Gastric retentive oral dosage form with restricted drug release in the lower gastrointestinal tract
Abstract
Controlled release oral dosage forms are provided for the continuous, sustained administration of a pharmacologically active agent to the upper gastrointestinal tract of a patient in whom the fed mode as been induced. The majority of the agent is delivered, on an extended release basis, to the stomach, duodenum and upper regions of the small intestine, with drug delivery in the lower gastrointestinal tract and colon substantially restricted. The dosage form comprises a matrix of a biocompatible, hydrophilic, erodible polymer with an active agent incorporated therein, wherein the polymer is one that both swells in the presence of water and gradually erodes over a time period of hours, with swelling and erosion commencing upon contact with gastric fluid, and drug release rate primarily controlled by erosion rate.
Claims
exact text as granted — not AI-modified1 . A dosage form comprising:
a polymer matrix and a neuroleptic agent dispersed in said polymer matrix, said polymer matrix comprised of a polymer wherein the polymer matrix: (a) upon imbibition of water swells to a size effective to promote gastric retention for a time period of about 2 to 12 hours, and (b) maintains the size for the time period before the polymer matrix is diminished by erosion, wherein at least 75 wt % of the neuroleptic agent is released by erosion of the polymer matrix within the time period.

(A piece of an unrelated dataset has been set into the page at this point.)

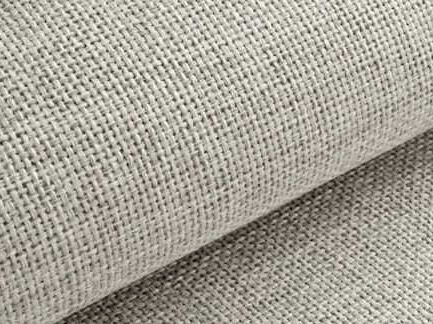 Sofá cama Carlsbad 109 (Ikar 01)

2 . The dosage form of claim 1 , wherein the dosage form is a bilayer or trilayer tablet.
3 . The dosage form of claim 1 , wherein the neuroleptic agent is selected from the group consisting of an antidepressant, an antimanic and an antipsychotic drug.
4 . The dosage form of claim 1 , wherein the neuroleptic agent is quetiapine or a pharmaceutically acceptable salt thereof.
5 . The dosage form of claim 1 , wherein at least 40 wt % of the neuroleptic agent is released within 4 hours.
6 . The dosage form of claim 1 , wherein at least 80 wt % of the neuroleptic agent is released within the time period.
7 . The dosage form of claim 1 , wherein the dosage form comprises a therapeutically effective amount of the neuroleptic agent.
8 . The dosage form of claim 1 , wherein the neuroleptic agent in the dosage form is present in a range of about 0.01% to 80% of the dosage form by volume.
9 . The dosage form of claim 1 , characterized by an erosion rate (ER) to dissolution rate (DR) ratio of approximately 1.1:1 to 5:1, wherein ER is the rate of the neuroleptic agent release in an aqueous medium measured using an in vitro disintegration test, and DR is the rate of the neuroleptic agent release in an aqueous medium measured using an in vitro dissolution test.
10 . The dosage form of claim 1 , wherein the dosage form characterized by an ER to DR ratio of approximately 1.2:1 to approximately 3:1.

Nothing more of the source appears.